-- WHAT YOU WILL DO --
Repeat the listing verbatim. Drop any pictures.
'''
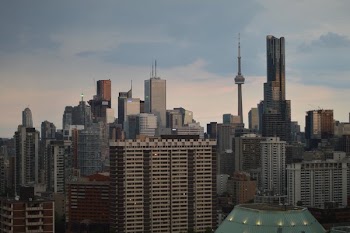 Skyscrapers At Dusk In The City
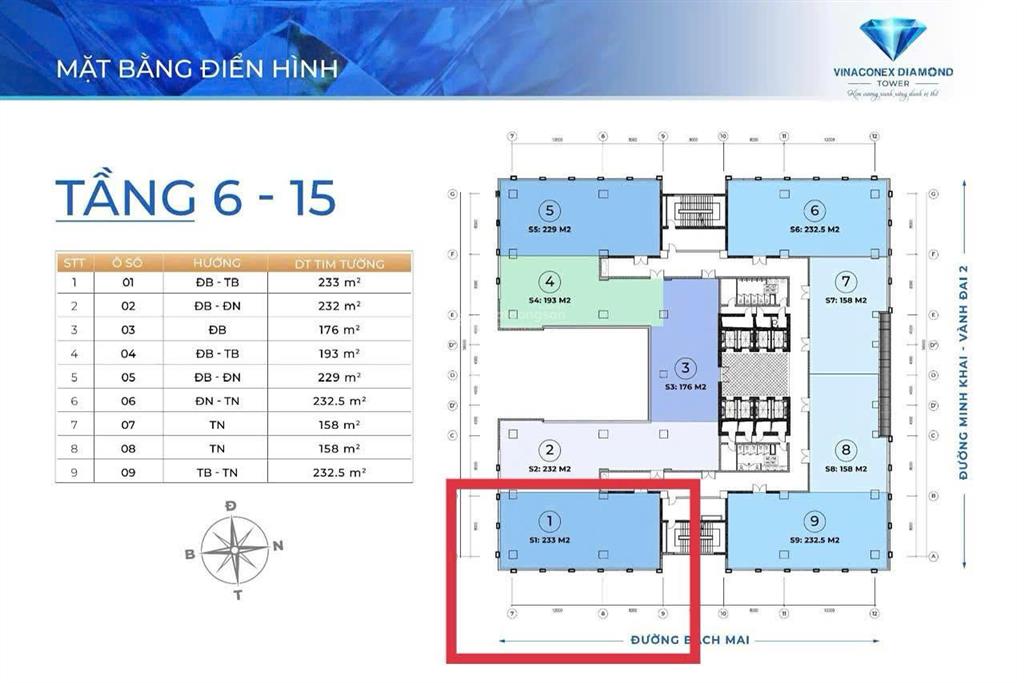 Cho thuê văn phòng 233 m2 tại toà diamond tower bạch mai hà nội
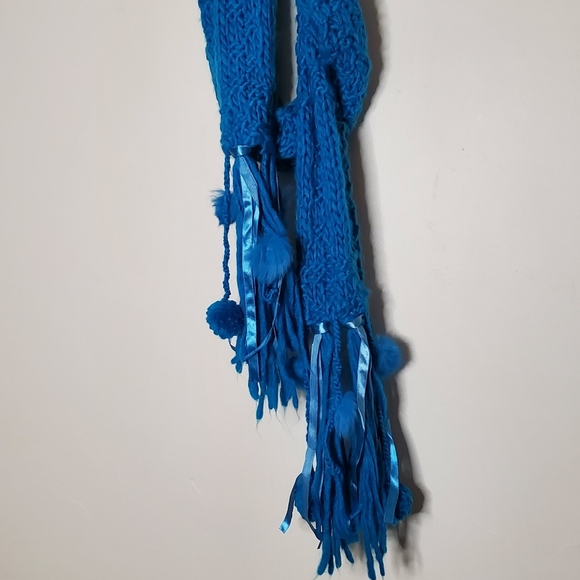 Cerulean Blue Blocked Knit Scarf with Ribbons and Angora Rabbit Hair Puffs - Picture 6 of 11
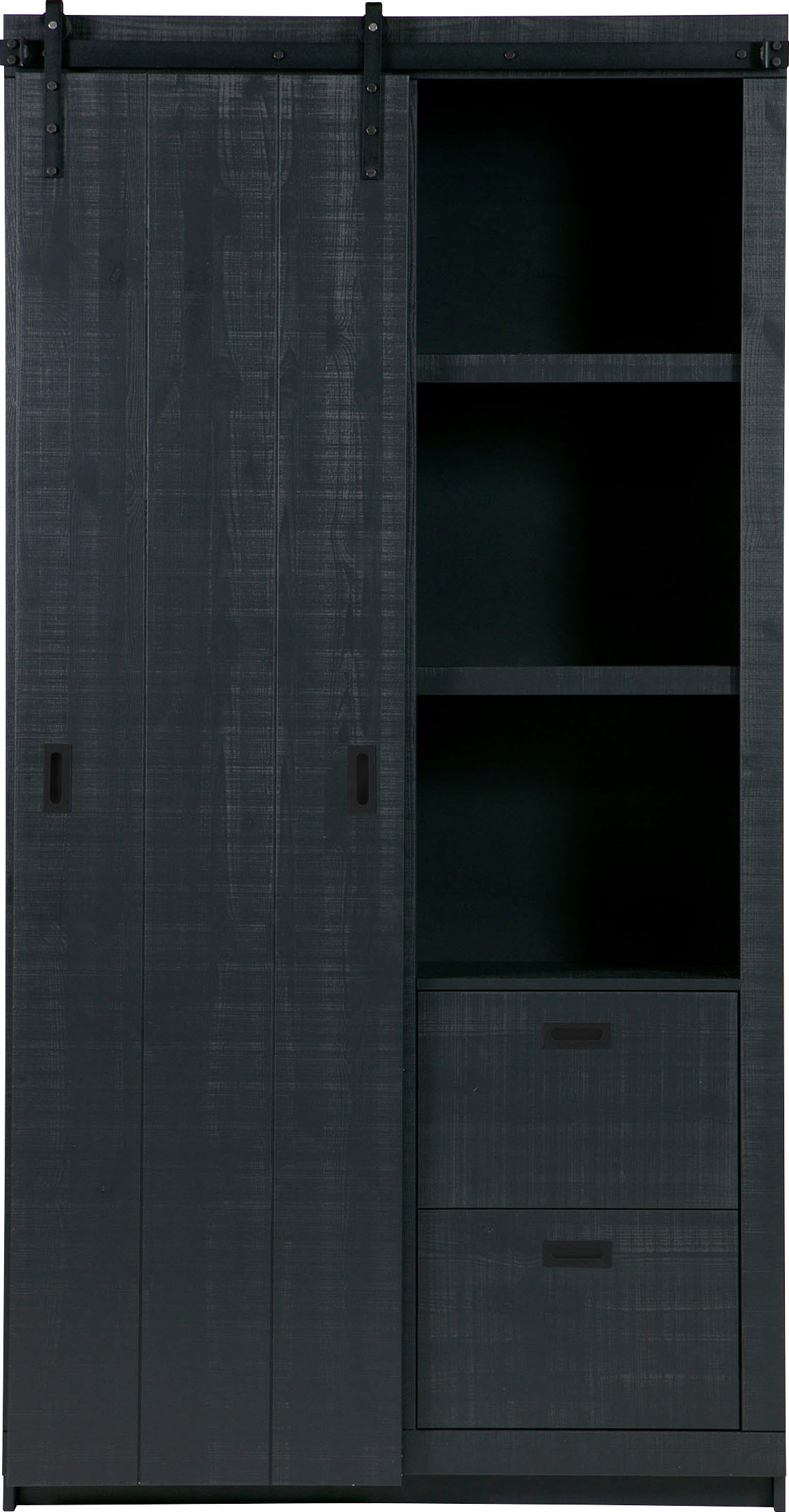 WOOOD Vitrine "Slide Barn FSC-Kiefernholz bandsägerauh, H 230 x B 122 x T 37 cm" Metallschiene für Schiebetür, pfleigleicht, lackierte Oberfläche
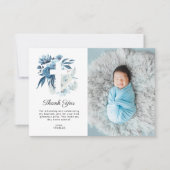 美しい青い花模様バプテスマ写真サンキューカード 招待状 (正面)
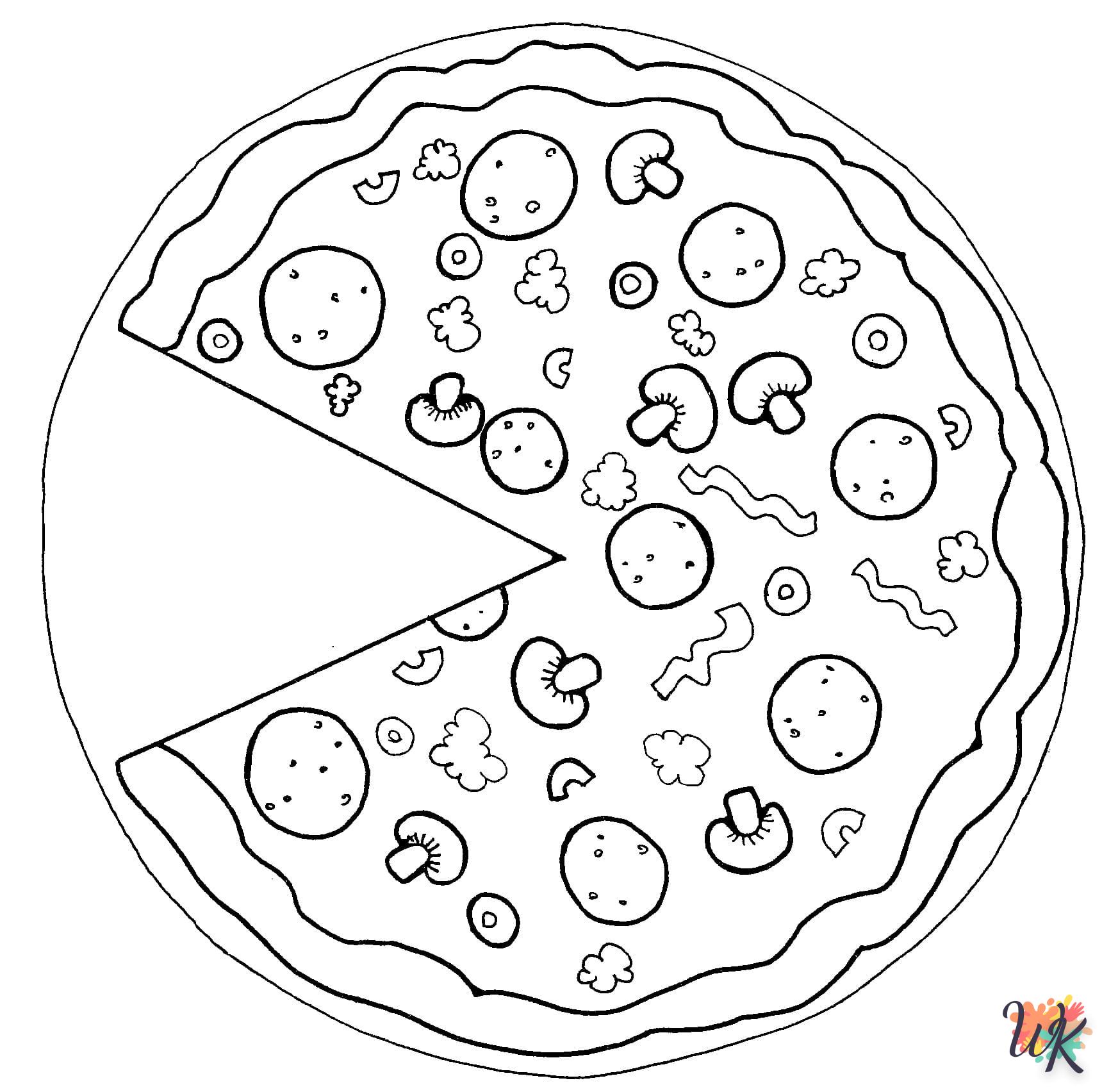 Dibujos para Colorear Pizza 5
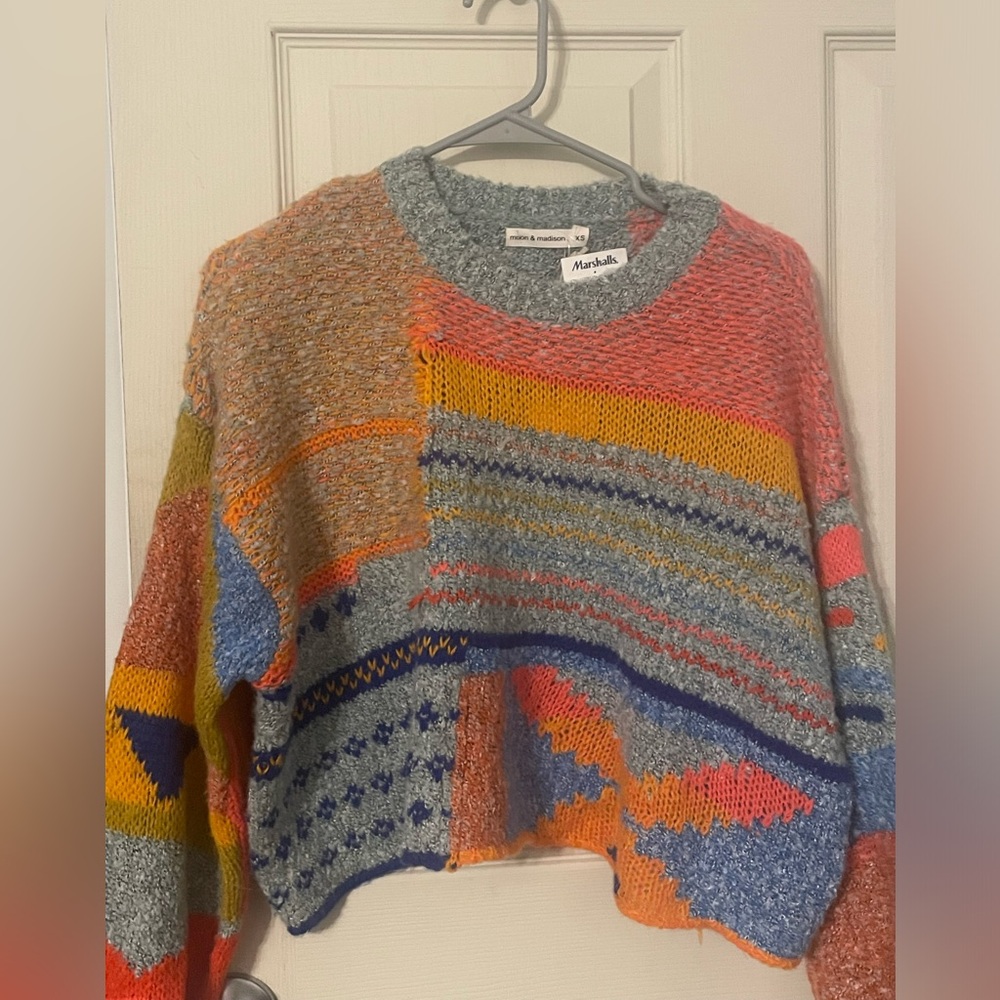 moon & madison Multicolor Patchwork Sweater - image 3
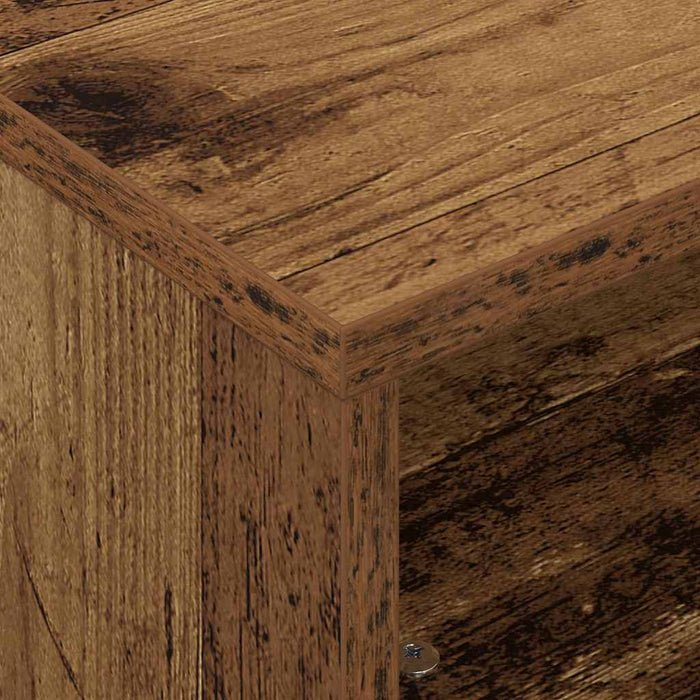 Masă laterală cu roți Lemn vechi 50 x 50 x 30 cm Lemn compozit - WALTI WALTI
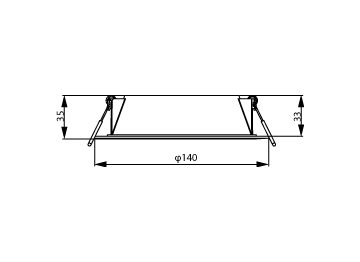 Dimension Drawing (without table) - DN020B G4 LED6/CW 6W 220-240V D125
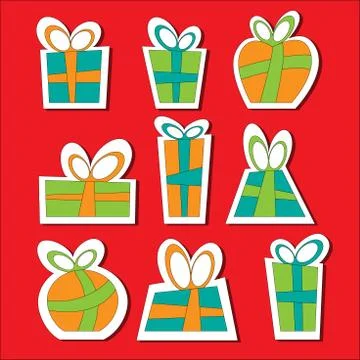 Collection of vector colorful Christmas present boxes. Decorative items. Sticks. Stock Illustration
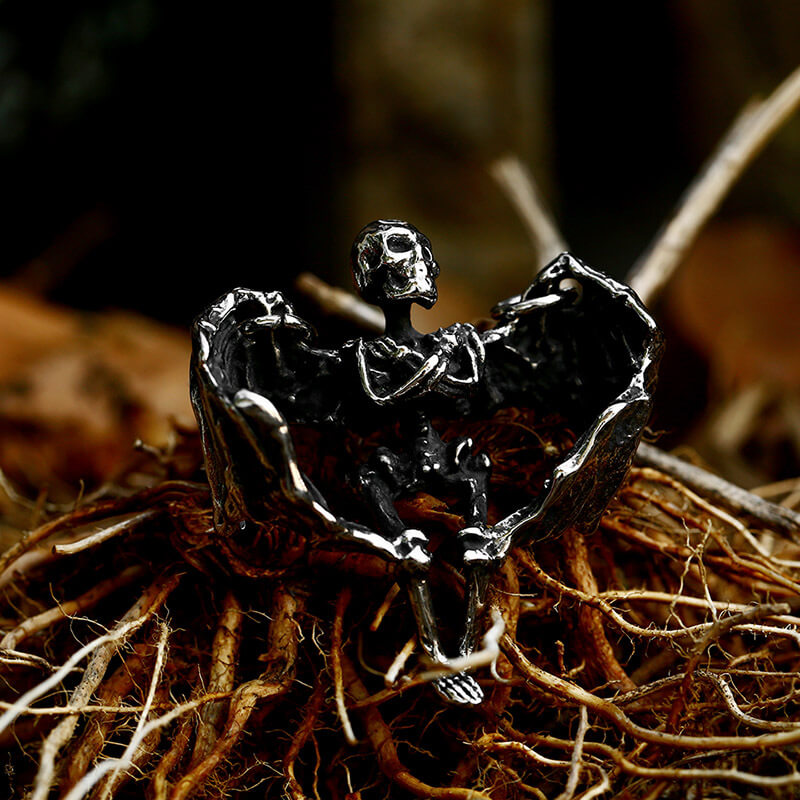 Men's Hip Hop Skull Wings Pendant Necklace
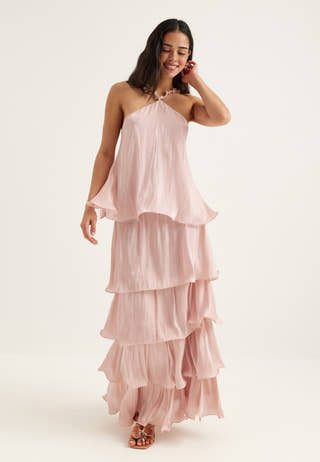 Shimmer Flounce Maxi Skirt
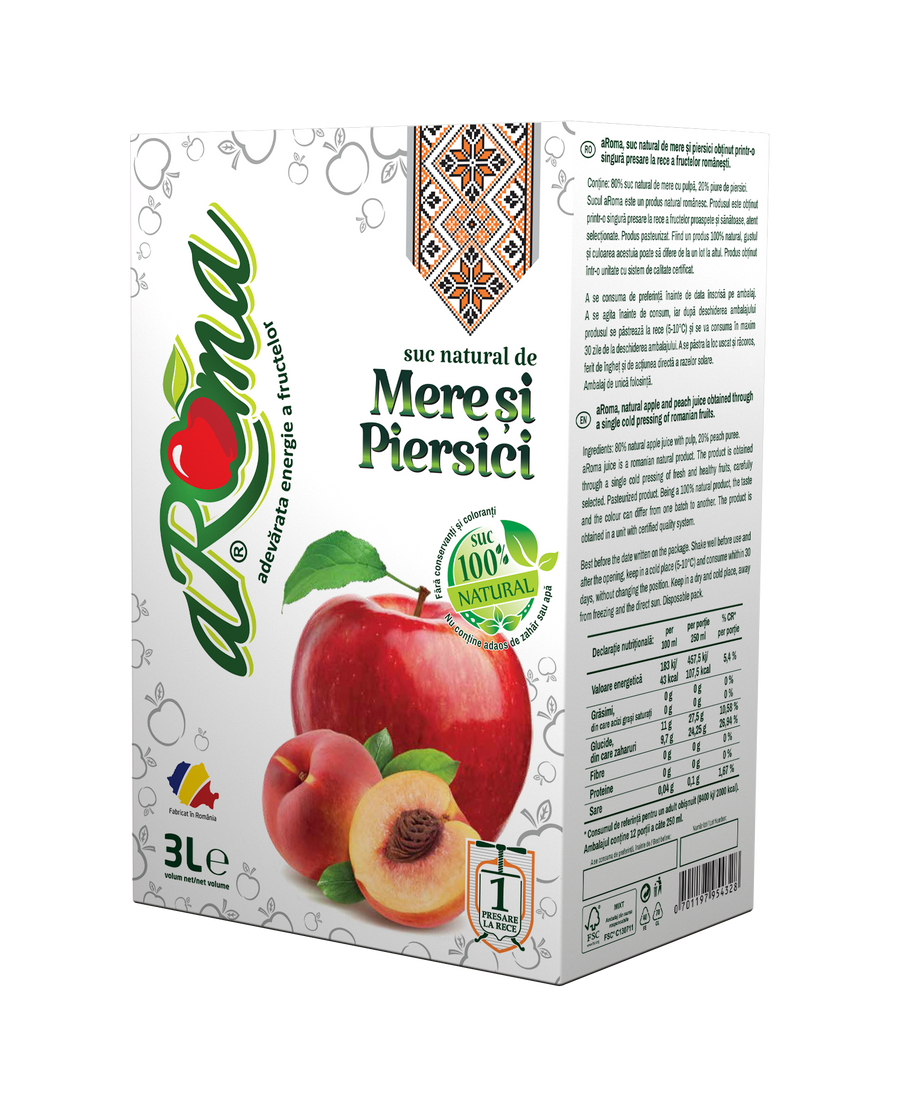 Suc natural de mere și piersici 3L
'''
-- ANSWER TO THIS PROBLEM --
 Skyscrapers At Dusk In The City
 Cho thuê văn phòng 233 m2 tại toà diamond tower bạch mai hà nội
 Cerulean Blue Blocked Knit Scarf with Ribbons and Angora Rabbit Hair Puffs - Picture 6 of 11
 WOOOD Vitrine "Slide Barn FSC-Kiefernholz bandsägerauh, H 230 x B 122 x T 37 cm" Metallschiene für Schiebetür, pfleigleicht, lackierte Oberfläche
 美しい青い花模様バプテスマ写真サンキューカード 招待状 (正面)
 Dibujos para Colorear Pizza 5
 moon & madison Multicolor Patchwork Sweater - image 3
 Masă laterală cu roți Lemn vechi 50 x 50 x 30 cm Lemn compozit - WALTI WALTI
 Dimension Drawing (without table) - DN020B G4 LED6/CW 6W 220-240V D125
 Collection of vector colorful Christmas present boxes. Decorative items. Sticks. Stock Illustration
 Men's Hip Hop Skull Wings Pendant Necklace
 Shimmer Flounce Maxi Skirt
 Suc natural de mere și piersici 3L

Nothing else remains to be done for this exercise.